When the Commission announced the REACH proposal, the chemical industry went berserk.
So did the U.S. government.
A September 2003 report from the U.S.-based Environmental Health Fund documented a full-fledged campaign by the U.S. government to derail REACH.
The report, based on internal government papers obtained from anonymous sources and under the Freedom of Information Act, documents a series of meetings between U.S. government officials and chemical industry representatives.
Although industry representatives from the American Chemistry Council and the American Plastics Council at times pushed U.S. government officials to work more aggressively to block adoption of REACH, the government papers show that it was Bush administration officials who more frequently complained that industry was not opposing the plan vigorously enough.

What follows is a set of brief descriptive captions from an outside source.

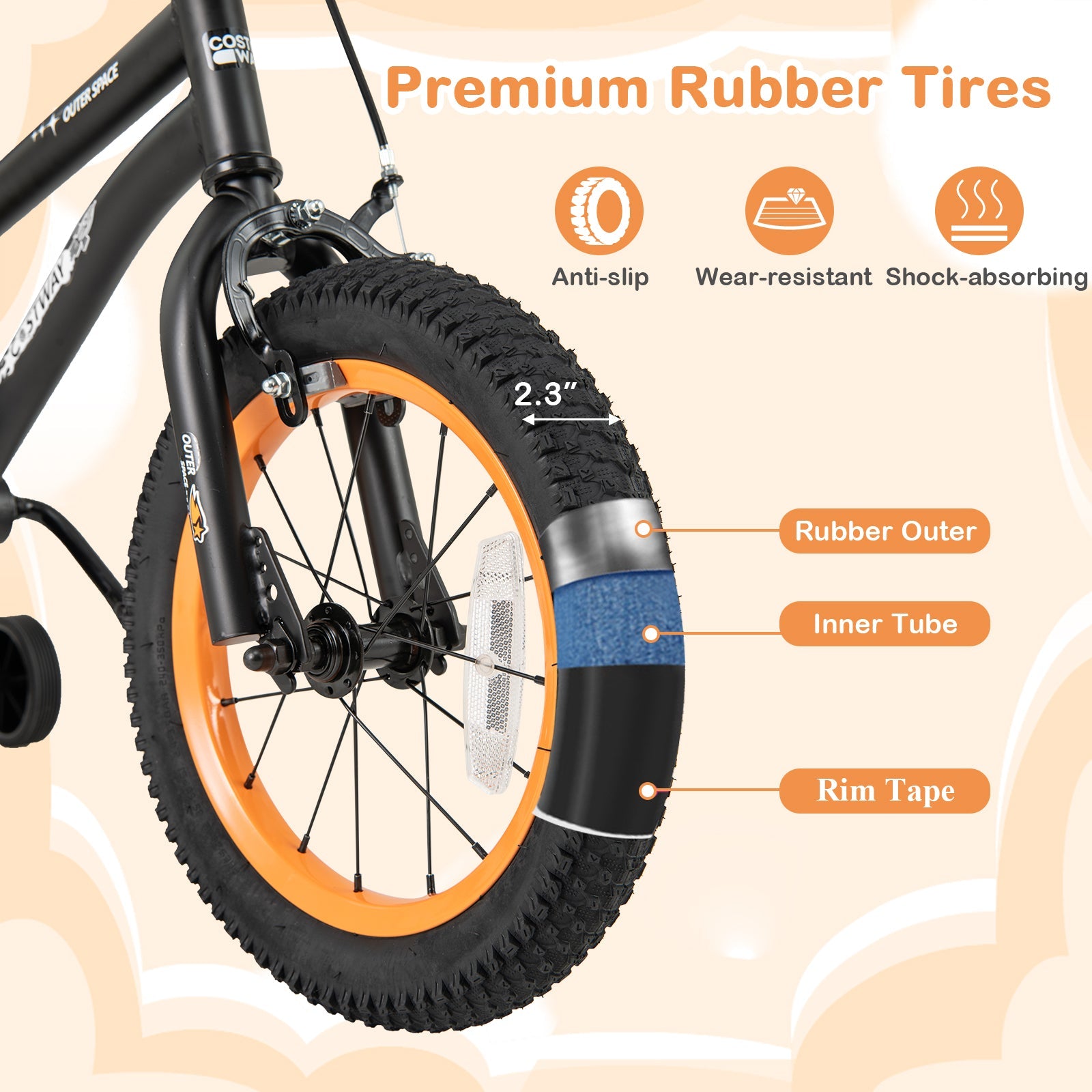 16-Inch Kids Bike Sport Bicycle for 4-7 Years Old with Adjustable Seat and Reflectors-16 inches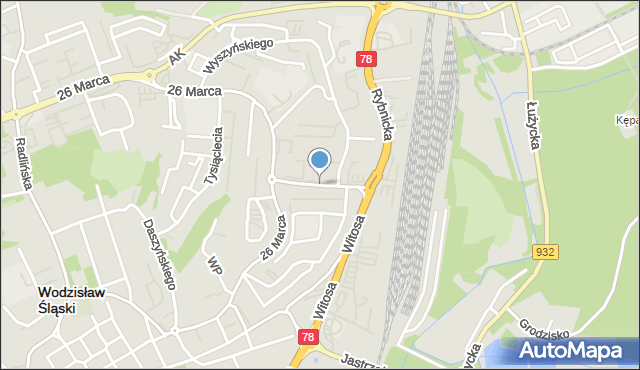 Wodzisław Śląski, Jana Pawła II, mapa Wodzisławia Śląskiego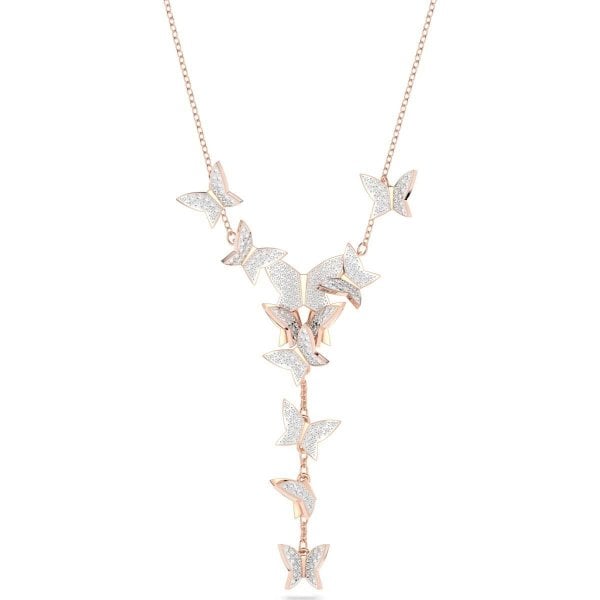 Lilia Y necklace, Butterfly, White, Rose gold-tone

"The U.S. chemicals industry has been slow to respond to the White Paper [initially proposing REACH]," asserted a briefing paper for Assistant Secretary of Commerce Linda Conlin. But government bureaucrats didn't have time to wait for slothful industry to take action, according to the briefing memo. "Because of the slow pace of industry response to the Strategy . Commerce, USTR and EPA drafted a preliminary set of questions on the Strategy and provided them to the Commission in December. USTR also met with Commission officials at that time."
Eventually, the Bush administration produced an undated "nonpaper" criticizing REACH. Its language borrowed directly from industry attacks on the proposed European regulations.
Top administration officials enlisted in the campaign to block adoption of REACH. Secretary of State Colin Powell in 2002 sent an "action request" cable to U.S. embassies in EU countries, urging them to raise concerns with local government officials, and in 2003 sent a cable directly to European countries, urging them to stop the European Commission from adopting REACH. The U.S. Ambassador to the EU, Rockwell Schnabel, repeatedly criticized REACH in public and private settings. Commerce Secretary Donald Evans in May 2002 assured a Dupont executive that the United States was working actively to sabotage REACH.
The U.S. State Department failed to respond to our requests for comment on the U.S. lobbying campaign.
The American Chemistry Council (ACC) hasn't been so shy. After the report documenting the U.S. campaign was published, Greg Lebedev, ACC president and CEO, told Chemical Week, "We would be mad as hell if the Bush administration didn't lobby on behalf of American manufacturing interests."
Meanwhile, the European chemical industry was hard at work. In September, British Prime Minister Tony Blair, German Chancellor Gerhard Schroeder and French President Jacques Chirac sent a letter to the European Commission criticizing REACH.
Underlying the industry's rabid opposition to REACH is the precautionary principle. The precautionary principle asserts that the entity introducing a product into the environment or food supply must bear the burden of showing it is safe. The REACH rules requiring authorization for hazardous substances to be permitted on the market embody the precautionary principle.
It is a model of effective government action that industry generally, and the chemical industry in particular, hopes to block at any price.
Already, the campaign to pull back REACH has had a major impact.
At the end of September, the European Commission announced it was scaling back REACH. The revisions closely track complaints from the United States.
"REACH appears to be moving away from the White Paper and closer to the White House," says Joseph DiGangi, who authored the Environmental Health Fund report on U.S. efforts to undermine REACH.
Still, DiGangi says, important elements are retained -- including the requirement that hazardous chemicals obtain authorization before being allowed on the market.
More changes may be forthcoming. The European Commission is expected to finalize REACH rules by the end of this month.
At stake is not only the health and well-being of the people of the European Union, but the creation of a model and precedent for chemical regulation and for precautionary action generally.
The choice is as simple as this: Err on the side of safety, or take your chances and see what happens.